Photo 2 Rahaf Demashki
Crédit : Rahaf Demashki

Dans l’après-midi, Éric, milivole de Terre d’Errance, embarque la caravane et les artistes-chercheurs, direction : Norrent-Fontes ! Autour d’un goûter métissé fait de jus de fruits, de café au girofle, de clémentines, de dattes et de madeleines, les crayons et le ping-pong offraient une alternative au foot et au volley sous un soleil de printemps. A Norrent-Fontes comme trop souvent ailleurs, même si quelques bénétants prennent le temps de discuter avec les exilés, nous nous noyons dans l’urgence quotidienne…Nous ne voyons pas, ou nous n’avons pas la possibilité matérielle de nous occuper d’autre chose que de répondre à des besoins pratiques, et parfois vitaux ! Ce jour-là nous avons eu la possibilité de parler et d’être écoutés. Les exilés s’en sont saisi. Ils et elles, ont dessiné, ont écrit, ont raconté, se sont raconté-e-s jusqu’après la tombée de la nuit, à la lumière des téléphones portables. Le lendemain matin, la caravane s’est posée, toute colorée au milieu du marché d’Isbergues, à 7 kilomètres du camp, gare où descendent les migrants de passage qui se rendent à Norrent-Fontes. Interrogation des marchands habituels, des passants :

« – Que vendent-ils donc ?

-Rien. Mais vos histoires nous intéressent. Vos histoires de voyages, réalisés ou rêvés.
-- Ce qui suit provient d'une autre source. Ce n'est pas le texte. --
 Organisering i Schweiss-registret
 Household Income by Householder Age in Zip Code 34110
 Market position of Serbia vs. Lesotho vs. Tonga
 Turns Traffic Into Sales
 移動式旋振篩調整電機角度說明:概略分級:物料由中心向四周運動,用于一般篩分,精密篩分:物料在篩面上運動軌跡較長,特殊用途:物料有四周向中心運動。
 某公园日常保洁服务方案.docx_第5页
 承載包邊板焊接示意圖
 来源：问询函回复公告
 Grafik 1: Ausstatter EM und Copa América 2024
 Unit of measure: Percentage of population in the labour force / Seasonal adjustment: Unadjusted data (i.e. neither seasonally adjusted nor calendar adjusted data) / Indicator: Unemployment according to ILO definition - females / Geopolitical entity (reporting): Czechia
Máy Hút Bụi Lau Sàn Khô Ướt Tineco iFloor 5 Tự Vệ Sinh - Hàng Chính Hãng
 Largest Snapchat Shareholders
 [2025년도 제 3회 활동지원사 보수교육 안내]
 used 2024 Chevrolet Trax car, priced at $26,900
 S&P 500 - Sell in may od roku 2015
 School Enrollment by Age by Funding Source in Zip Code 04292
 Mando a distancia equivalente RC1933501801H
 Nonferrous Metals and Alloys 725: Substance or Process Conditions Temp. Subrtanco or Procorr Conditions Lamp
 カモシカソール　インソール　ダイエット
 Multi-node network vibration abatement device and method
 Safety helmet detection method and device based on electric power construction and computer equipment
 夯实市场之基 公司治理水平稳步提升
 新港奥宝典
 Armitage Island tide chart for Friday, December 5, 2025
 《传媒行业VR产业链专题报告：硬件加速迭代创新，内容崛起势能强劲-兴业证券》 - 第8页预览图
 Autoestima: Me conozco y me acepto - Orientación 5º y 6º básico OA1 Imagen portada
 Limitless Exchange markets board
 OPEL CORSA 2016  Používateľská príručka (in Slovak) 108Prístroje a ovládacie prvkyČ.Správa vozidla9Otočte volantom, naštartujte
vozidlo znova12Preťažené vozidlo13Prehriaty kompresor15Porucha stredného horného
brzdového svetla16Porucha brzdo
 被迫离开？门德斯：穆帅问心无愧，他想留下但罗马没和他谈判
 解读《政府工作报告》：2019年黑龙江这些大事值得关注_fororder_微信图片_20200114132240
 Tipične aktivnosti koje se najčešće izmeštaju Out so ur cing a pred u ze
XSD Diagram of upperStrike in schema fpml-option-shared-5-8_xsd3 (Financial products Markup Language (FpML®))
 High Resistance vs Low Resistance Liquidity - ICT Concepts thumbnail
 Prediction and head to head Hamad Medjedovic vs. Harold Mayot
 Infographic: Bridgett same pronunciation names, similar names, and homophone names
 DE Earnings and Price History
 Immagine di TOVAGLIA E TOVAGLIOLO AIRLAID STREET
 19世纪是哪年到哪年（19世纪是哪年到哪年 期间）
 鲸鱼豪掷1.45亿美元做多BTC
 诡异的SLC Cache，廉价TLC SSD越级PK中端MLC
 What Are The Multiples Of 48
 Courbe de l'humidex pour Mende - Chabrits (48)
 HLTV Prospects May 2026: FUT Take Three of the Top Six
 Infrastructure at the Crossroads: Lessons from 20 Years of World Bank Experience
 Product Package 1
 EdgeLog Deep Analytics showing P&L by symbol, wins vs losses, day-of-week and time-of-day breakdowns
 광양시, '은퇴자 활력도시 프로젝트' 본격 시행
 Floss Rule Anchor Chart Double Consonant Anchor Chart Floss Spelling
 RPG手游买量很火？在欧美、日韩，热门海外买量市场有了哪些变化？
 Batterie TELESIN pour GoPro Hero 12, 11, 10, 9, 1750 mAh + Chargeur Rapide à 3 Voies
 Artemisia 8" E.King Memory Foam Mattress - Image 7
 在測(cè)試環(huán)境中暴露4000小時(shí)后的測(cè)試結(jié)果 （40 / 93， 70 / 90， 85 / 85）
Racontez-nous, s’il vous plaît, montrez-nous sur la carte…et savez-vous qu’à quelques kilomètres, il y a d’autres voyageurs, partis de loin et depuis longtemps, dont certains ne savent pas où s’arrêtera leur route ? ».

Photo 3 Rahaf Demashki
Crédit : Rahaf Demashki

Que de rencontres, là encore ! Un adhérent à Terre d’Errance, voyageur immobile et silencieux, en profite pour régler sa cotisation, un monsieur raconte son voyage à Auschwitz « pour la mémoire », une dame crie à la honte parce que les pouvoirs publics laissent vivre des personnes dans des bidonvilles sans rien faire pour les loger plus dignement, une autre explique chaque étape des quinze jours passés en Égypte, un adolescent aimerait aller voir les cerisiers en fleurs, au Japon. D’ici ou d’ailleurs, nous sommes là, et nous avons dessiné et raconté nos vies sur les mêmes cartes.

Les récits recueillis, traduits et transcrits seront la matière du N°3 du Journal des Jungles.